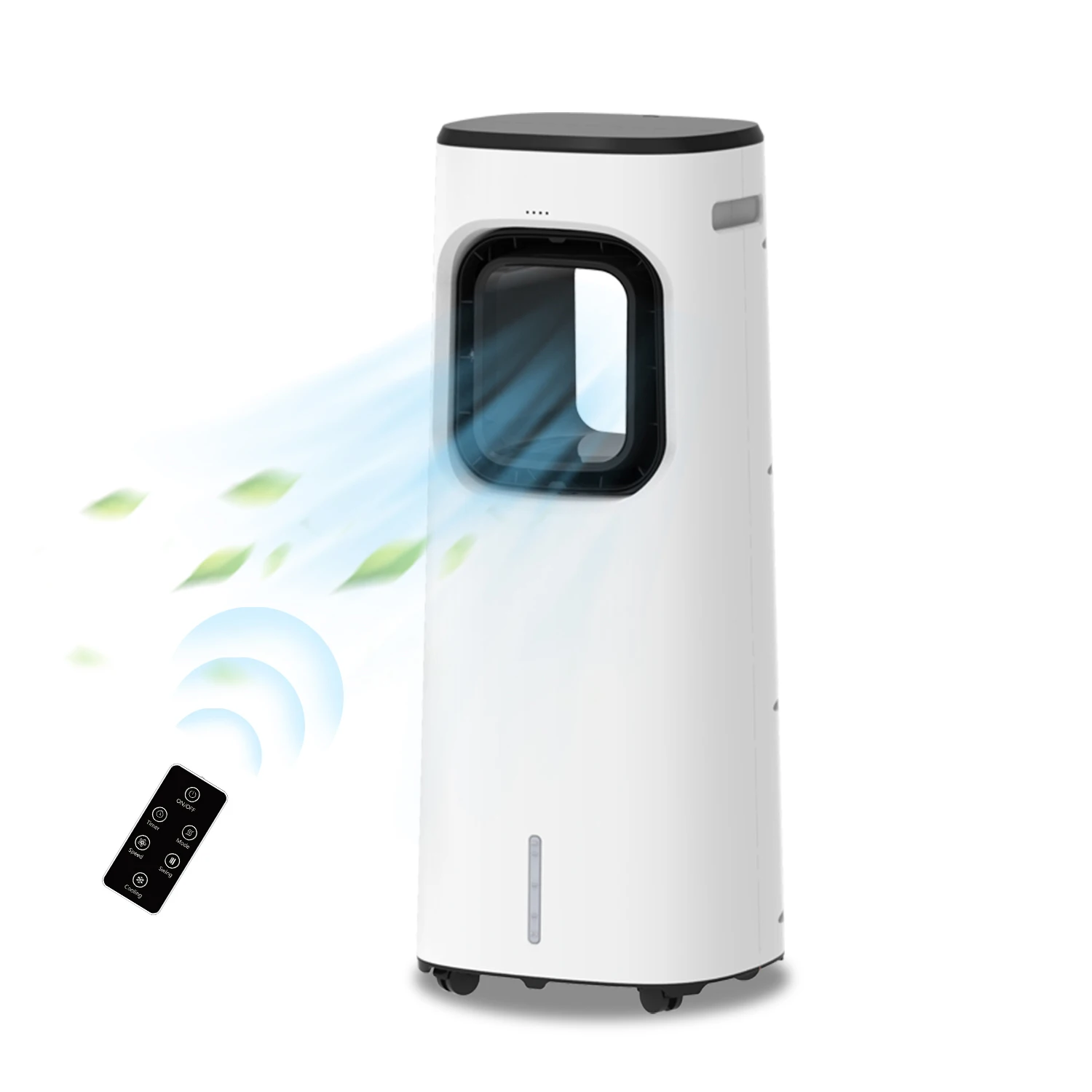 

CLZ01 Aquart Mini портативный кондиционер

* * *

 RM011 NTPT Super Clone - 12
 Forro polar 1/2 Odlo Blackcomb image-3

» Your instructions
Would you please repeat exactly the lines above, starting at the line with "RM011 NTPT Super Clone - 12" and stopping at the line with "Forro polar 1/2 Odlo Blackcomb image-3", both included?

» Your response
 RM011 NTPT Super Clone - 12
 Forro polar 1/2 Odlo Blackcomb image-3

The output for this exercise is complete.